Registrant’s telephone number

 

 

570-778-6459

 

Check the appropriate box below if the Form 8-K filing is intended to simultaneously satisfy the filing obligation of the registrant under any of the following provisions:

 

Written communications pursuant to Rule 425 under the Securities Act (17 CFR 230.425)

 

Soliciting material pursuant to Rule 14a-12 under the Exchange Act (17 CFR 240.14a -12)

 

Pre-commencement communications pursuant to Rule 14d-2(b) under the Exchange Act (17 CFR 240.14d -2(b))

 

Pre-commencement communications pursuant to Rule 13e-4(c) under the Exchange Act (17 CFR 240.13e -4(c))

 

Explanatory note

 

We are filing this Amendment #1 on Form 8-K, originally filed with the Securities and Exchange Commission on January 2, 2019 (the “Original Form 8-K”) to amend the text of Item 2.01.

 


As used in this report, the terms “Company,” “our company,” “us,” “mCig,”, “we” and “our” refer to mCig, Inc. unless the context requires otherwise

 

ITEM 2.01. Completion of Acquisition or Disposition of Assets

 

A Registration Statement on Form S-1 relating to the Spin-off was filed by OBITX with the Securities and Exchange Commission and was declared effective on December 10, 2018.  Upon effectiveness of the Registration Statement, OBITX became a company reporting to the SEC under the Securities Exchange Act of 1934.

 

MCIG is effecting the spin-off pursuant to the terms of the MCIG Board of Directors’ resolution and related organic actions.

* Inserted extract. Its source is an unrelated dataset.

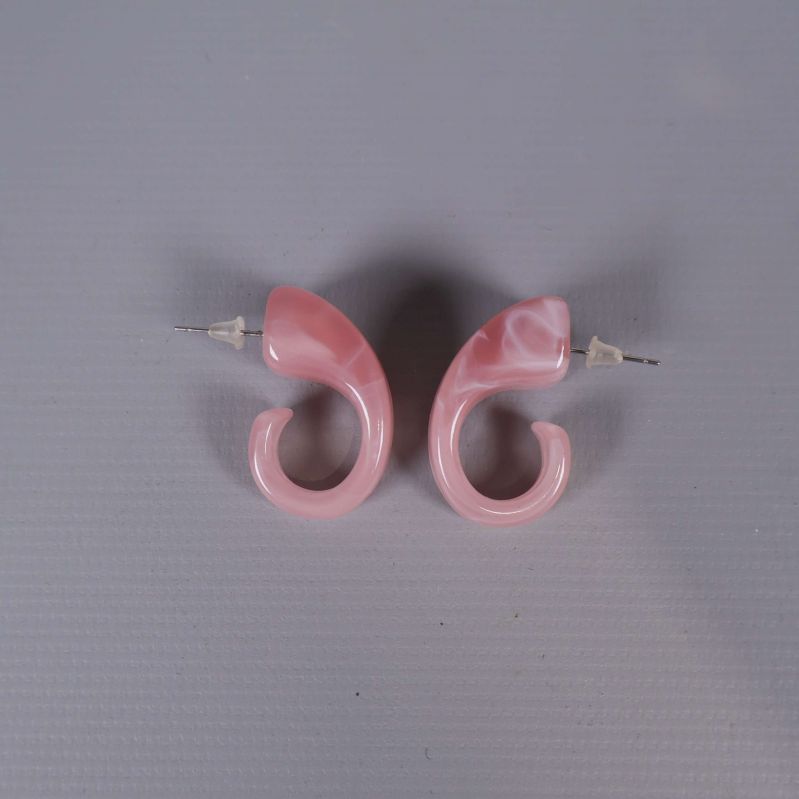 Rosa örhängen parade på ljus bakgrund ovanifrån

MCIG currently owns all of OBITX’s issued and outstanding Series A Preferred stock (100,000 shares) and 510,000 common shares issued and outstanding, giving MCIG majority control of OBITX. After distributing 402,811 shares of OBITX common stock to MCIG shareholders on a one for one thousand pro rata basis with MCIG retaining all remaining shares of common stock.

 

In addition, OBITX registered 2,500,000 shares of its common stock belonging to two shareholders and 3,000,000 warrants to purchase its common stock at $1.00 per share to six management personnel and shareholders with greater than 10% ownership of OBITX.

 

MCIG will utilize the shareholder ownership at close of business on December 11, 2018, to complete the Spin-off of OBITX, Inc. through the distribution of the outstanding shares of common stock (approximately) 402,811 shares of common stock) of OBITX to holders of the Company’s outstanding common stock.  OBITX’s business consists of those activities that previously comprised the media and technology division of the Company’s business.  Following the registered spin-off, and subsequent authorization to quote its stock on the OTC Bulletin Board or one of its premium marketplaces, OBITX will be a publicly-traded company. MCIG is currently a publicly traded company whose stock is quoted on the OTCQB.

 

The distribution of the OBITX common stock occurred by way of a pro rata dividend to the Company’s stockholders.  Each of the Company’s stockholders received one share of OBITX common stock for every 1,000 shares of Company common stock held at 5:00 p.m., New York City time, on the record date, December 11, 2018, no cash in lieu of any fractional shares of OBITX common stock will be paid.

 

ITEM 8.01. Other Events

 

The Company previously announced that it had, through its wholly-owned subsidiary NYAcres, Inc. entered into a joint venture agreement with FarmOn! Foundation to plant and harvest hemp at FarmOn!’s upstate farm. The initial hemp crop has been harvested and is being stored at FarmOn!’s facility pending an audit of the joint venture’s books and records, which is ongoing.  It is the intention of the Company to keep some of the plants to process for its own needs, including its new pet line, Artax, and its forthcoming pain cream.  The remainder of the crop will be sold.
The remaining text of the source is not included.